Say it quietly, but 2025 could be the best year for the box office since before the pandemic
An incoming slew of sequels (shock!) might be the boost movie theaters need.
After another pretty solid weekend at the box office — where Taylor Swift’s marketing-event-meets-extended-music-video “The Official Release Party of a Showgirl” won out, having taken a whopping $33 million at home and a further $13 million overseas — whispers are circulating that 2025 could become the biggest box office year of the post-pandemic era.
One blockbuster after another
With a sequel-packed slate in the final months of the year, “Wicked” and “Zootopia” follow-ups land in November and “Avatar: Fire and Ash” drops the week before Christmas, it’d take some pretty big flops for this year to become the first to break through the $9 billion barrier since 2019. Indeed, 2025 is already roughly tracking the previous post-pandemic watermark set two years ago, even before we welcome witches, cartoon animal cops, and the Na’vi back to America’s silver screens.
Thanks to huge hits earlier in the year like “A Minecraft Movie,” which was jockeyed into theaters in April and went on to gross around $424 million in North America, and “Lilo and Stitch,” which came a month later and grossed almost exactly the same, per Box Office Mojo figures, the total domestic tally for the year had already ballooned to almost $6.5 billion by the end of September.
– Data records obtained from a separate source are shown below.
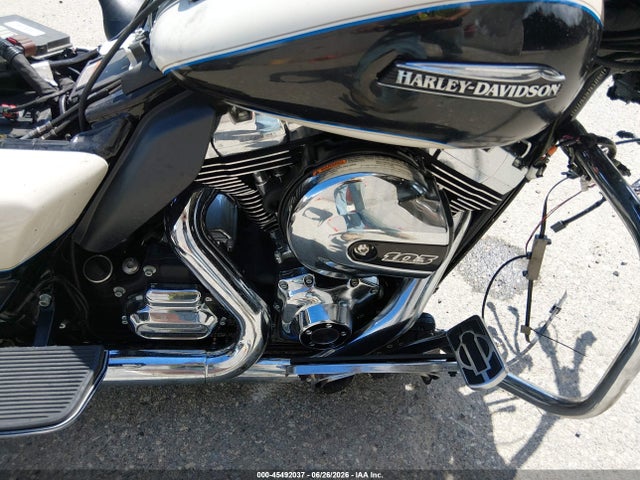 Harley-Davidson Flhtcu Ultra Classic Electra Gld 2014 1HD1FCM14EB677151 Image 8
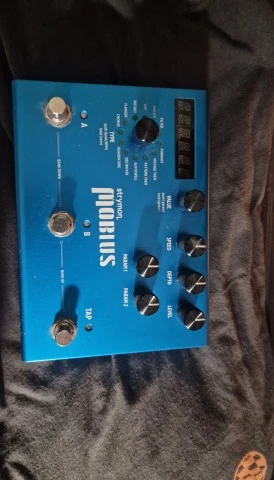 Strymon mobius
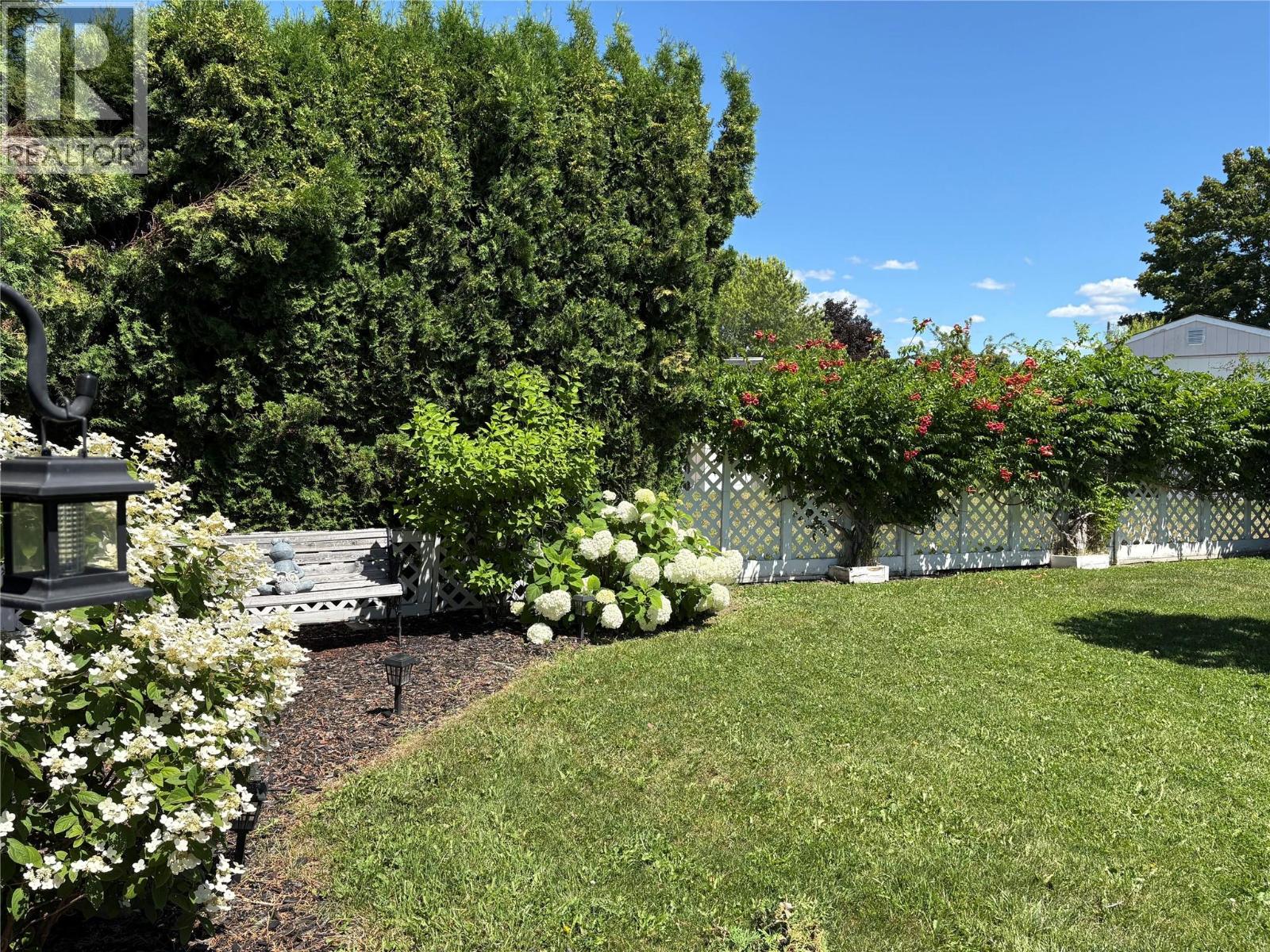 3745 Lakeshore Road Unit# 89, Kelowna, British Columbia  V1W 3K4 - Photo 34 - 10375299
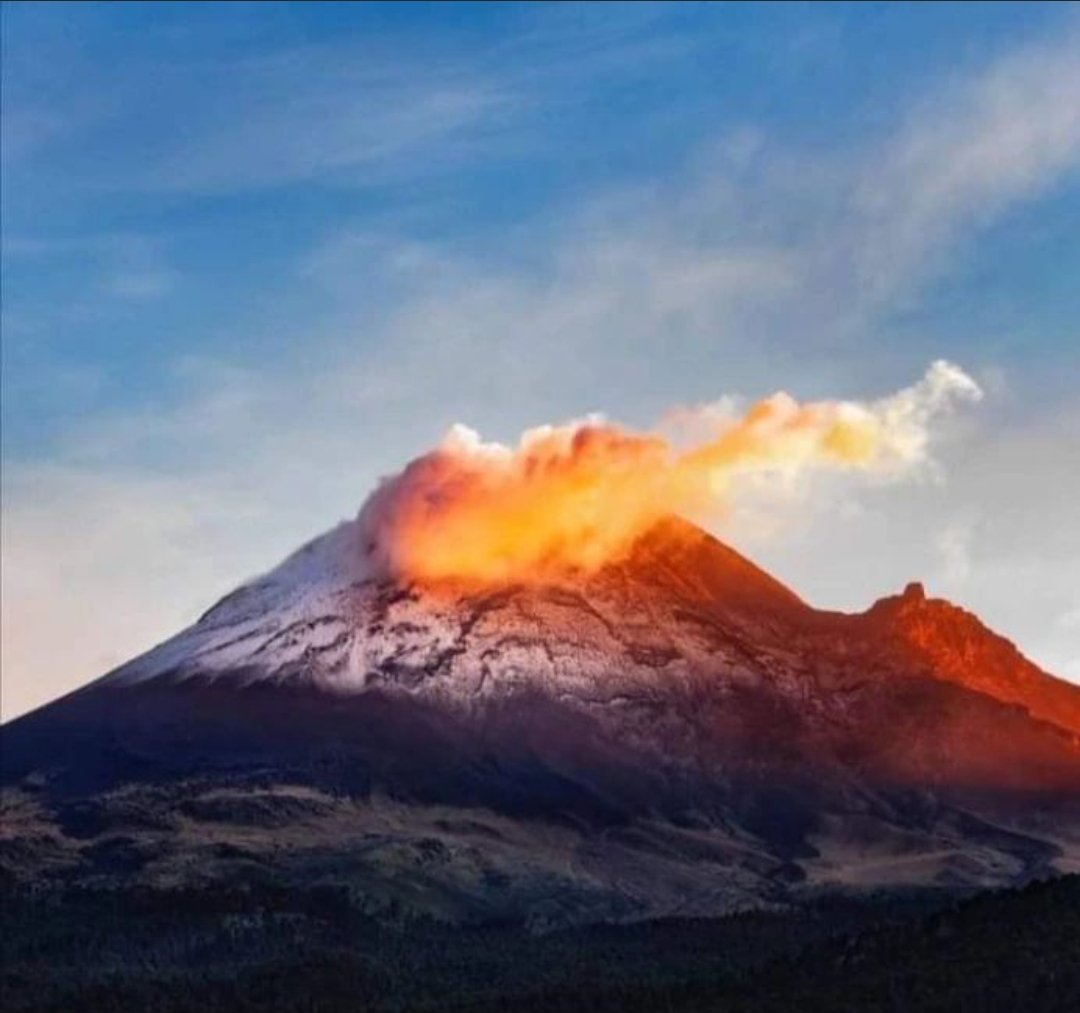 hecvera's tweet photo. Si en algún momento llegamos a semáforo rojo por la actividad del #Popocatepetl, de dónde saldrán los recursos para enfrentar este desastre natural si la 4T desapareció el #FONDEN ?

Ya basta con este gobierno de porquería. 

#FueraMorena https://t.co/slPLEyYQ5B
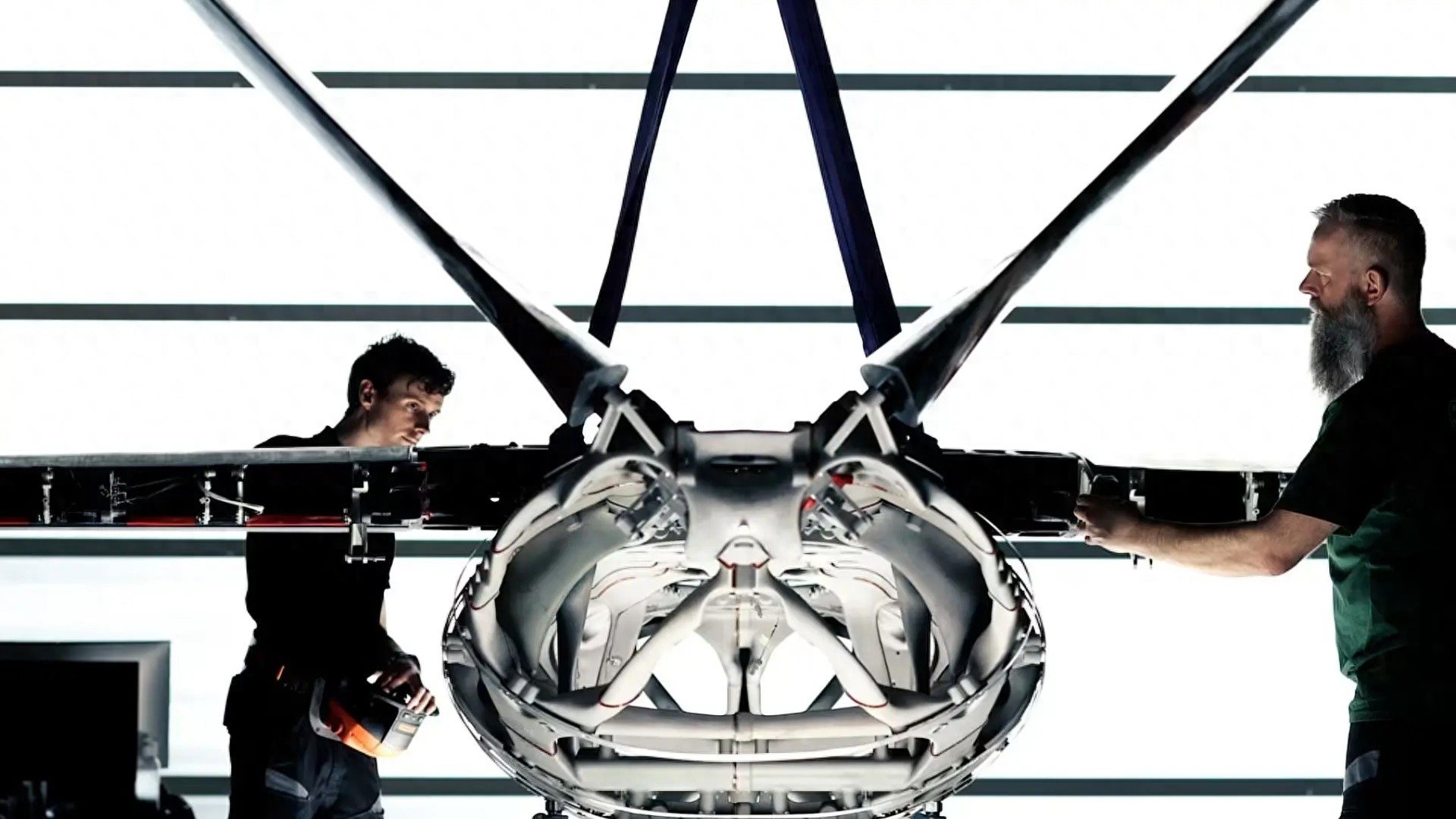 全球首个软件定义机身问世，旨在提升战机敏捷性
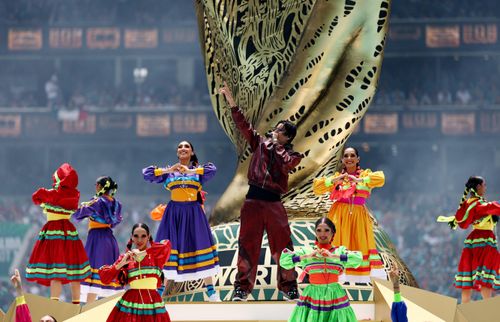  Nam ca sĩ Danny Ocean có ''màn chào sân'' World Cup 2026 tương đối ấn tượng. Ảnh: Reuters. 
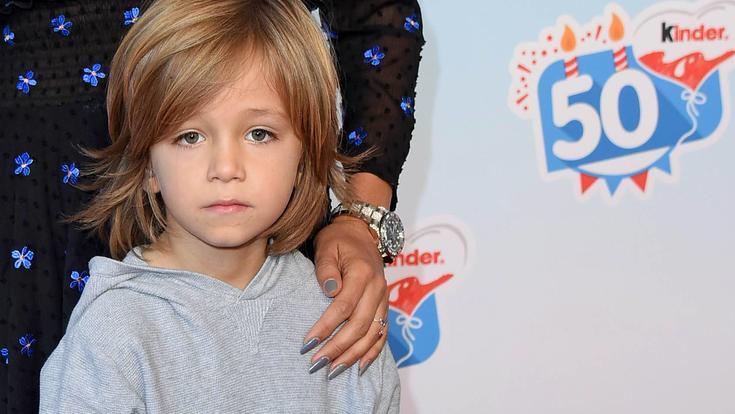 Verona Pooths Söhnchen Rocco steht nicht auf Blitzlichtgewitter Verona Pooth mit Sohn Rocco Pooth 50 Jahre Kinder von Ferrero im Heide Park in Soltau am 14.10.2018 *** Verona Pooth with son Rocco Pooth 50 years children of Ferrero in the Heide Park in Soltau on 14 10 2018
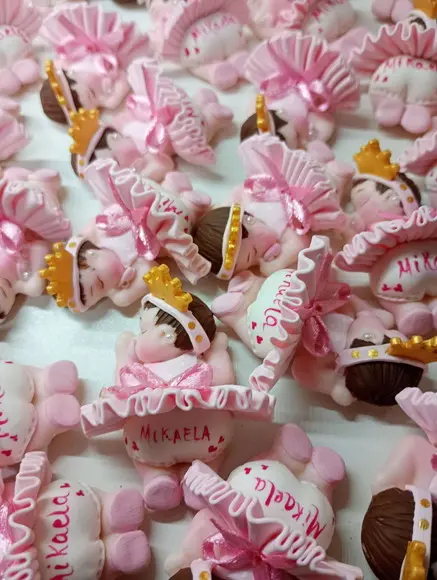 25 Lembrancinhas Bebê Realeza Menina Biscuit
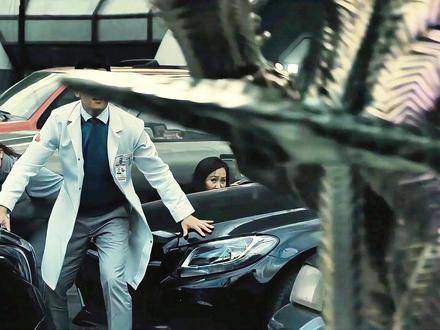 荒原狼本具备正面对抗超人的实力，可海王竟仍敢向其发起挑战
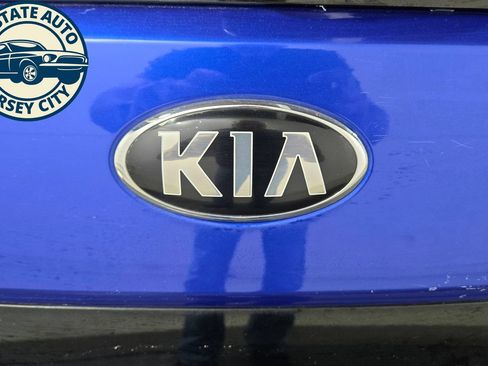 Used 2020 Kia Soul GT-Line FWD image 28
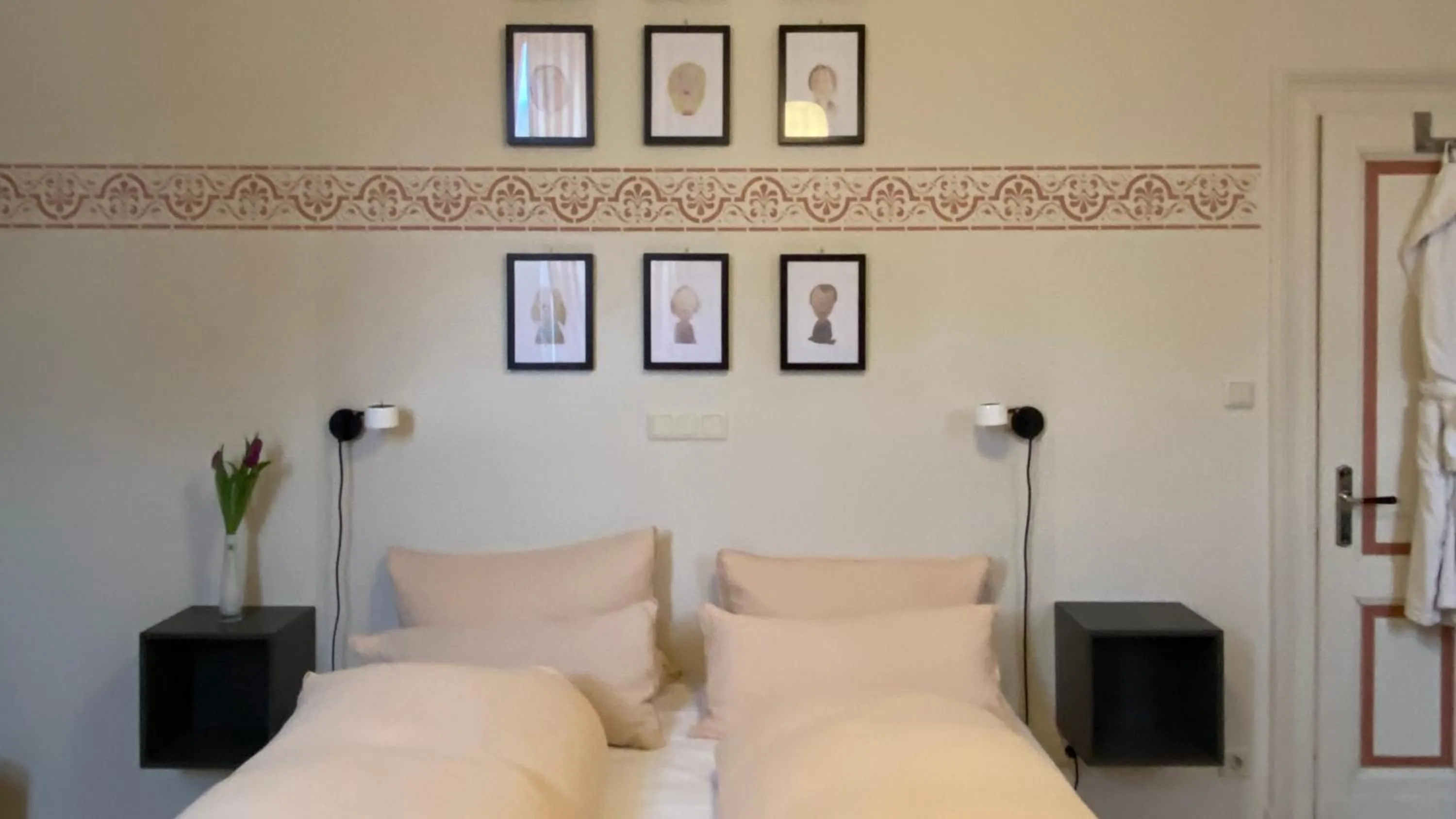 Triple Room with Private External Bathroom in Villa zur Erholung Bed & Breakfast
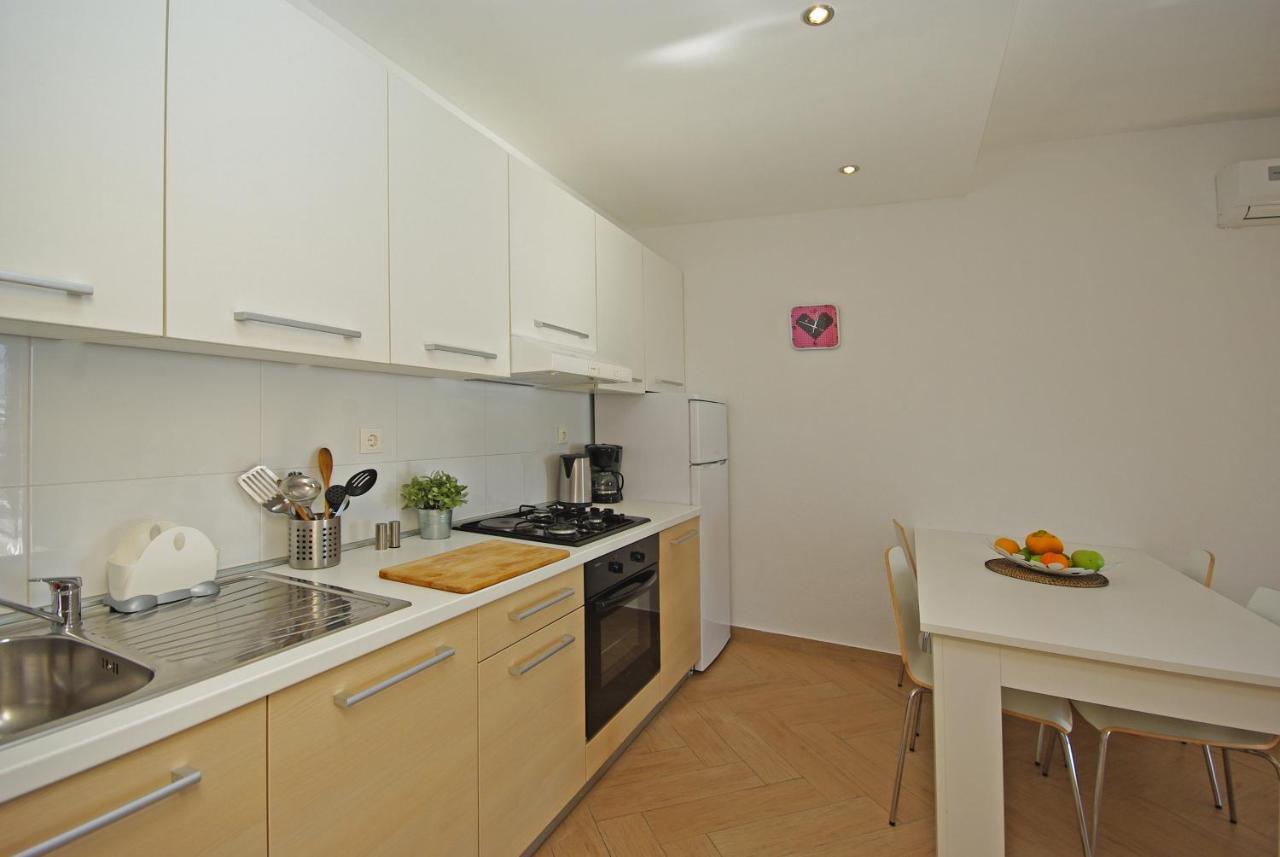 Strandhaus Dalmatien Apartment ซาโอสโตรก ภายนอก รูปภาพ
There have been a handful of standout success stories in the world of original filmmaking, not least from the horror genre, where “Weapons” and “Sinners” both captured moviegoers’ attention. However, this year, like most recent ones before it, has been broadly defined by studios cashing in on old ideas, with just one entry that isn’t a remake, a follow-up, or a work based on existing IP in the top 10 highest grossing movies of 2025... even before the upcoming trifecta of part twos and threes.
Of course, if you adjust for inflation — considering ticket prices are 20-25% higher than they were in 2019 — the big picture figures don’t look so dazzling.